Arbil: Militants have seized Iraq’s largest dam north of their hub of Mosul, giving them control over the supply of water and electricity for a vast area, officials said on Friday.
“Mosul dam has been in insurgent hands since last night,” said Holgard Hekmat, spokesman for the Kurdish peshmerga force that previously guarded the key infrastructure.
The head of the provincial council of Nineveh, of which Mosul is the capital, confirmed the Islamic State of Iraq and the Levant (Isil) group had captured the dam on Thursday.
“Fierce fighting took place which eventually saw Daash (Isil) take control of the dam,” Bashar Kiki said.
The dam on the Tigris river, on the southern shores of Mosul lake about 50km north of the city, provides electricity to much of the region and is crucial to irrigation in vast farming areas in Nineveh province.
A 2007 letter to Prime Minister Nouri Al Maliki sent by then US ambassador Ryan Crocker and the former commander of US forces in Iraq, David Petraeus, warned of the consequences of a disaster at the dam, which was assessed to have serious structural weaknesses.

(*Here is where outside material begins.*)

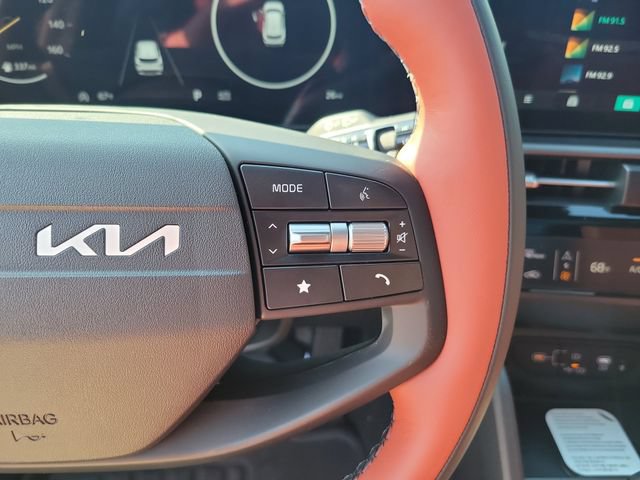New 2026 Kia Sportage SX FWD image 17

“A catastrophic failure of Mosul dam would result in flooding along the Tigris river all the way to Baghdad,” the letter read.
“Assuming a worst case scenario, an instantaneous failure of Mosul dam filled to its maximum operating level could result in a flood wave 20 metres deep at the city of Mosul,” it said.
The Isil has already resorted to the weaponisation of dams, as was the case earlier this year when it flooded large areas around the city of Fallujah, west of Baghdad.
“Naturally there are concerns militants could flood down-river areas... but in Mosul it would be a bit of an own goal,” said John Drake, an Iraq specialist with the AKE Group security company.